Voting with your feet
After an interesting and educational trip to Europe, I'm back in the US writing this week's column, and thinking about how great it is to live in this country. $3 gas (as compared to $6-$8 in Europe), cheap food (about 30-50% less than Europe), and low cost automobiles, comparably speaking, still make the US attractive. Housing costs are also much less in most areas (especially the Midwest) as US land is cheap, relative to Europe. I couldn't help but think about the comparison's that SAM farmers have to the US - and similar advantages to SAM than the US (the first being no grain embargoes yet from the SAM governments.)
One of my favorite economics professors used to say that people "...vote with their feet!" What he meant was that if we don't like something in the place we currently live, we simply move to a more attractive place. Since NDSU was on the border of MN and ND, usually the comparison was the choice of living in MN or ND. MN taxes were much higher, but also had a better public educational system and public services. ND had lower taxes, but less services. People 'voted with their feet' by simply moving to the area they liked better.

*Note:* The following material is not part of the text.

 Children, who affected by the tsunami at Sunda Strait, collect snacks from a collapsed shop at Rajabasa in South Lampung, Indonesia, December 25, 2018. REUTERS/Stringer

European 'systems' vary greatly by country - language, cultures, resources, building construction and architecture - as well as economic differences like taxes, gas prices, etc). But even in Europe, people are 'voting with their feet' - moving to the location they prefer. In this new global economy, even US businesses doing commerce internationally are 'voting with their feet'. Most are looking for 'off-shore' tax advantages, and most are finding them. Rumor had it that even Proctor and Gamble moved its headquarters to Geneva, Switzerland in the past year, moving about 4,000 management employees to Switzerland.
When I first heard about this, I was angry that large US business is taking advantage of 9% taxes in Switzerland, instead of 20-40% taxes in the US. This money goes now to the Swiss government, not the US government. Big business and the mega-rich are shifting the tax burden away from them to the working stiffs/farmers who aren't yet domiciled in Switzerland with their own 'holding company' shell. At first I was angry, but then I started to think "what's good for the goose, is good for the gander."
This has become an issue for the 2007 Farm Bill, as the House financed much of the farm bill with $4 billion in taxes collected by closing at least part of the off-shore tax loophole. The White House calls this an unacceptable 'tax increase' - they don't want to give more money to farmers/food stamp collectors by closing this tax loophole. Yesterday, again Ag Sec. Johansson stated this was unacceptable to the administration - calling it a 'poison pill' and also reiterated that the President might veto this bill. He also talked about the income cap for receiving subsidies, which the House lowered from $2.5 million to $1 million income limitation for farmers to get government payments - the administration wants it lowered to $250,000 income.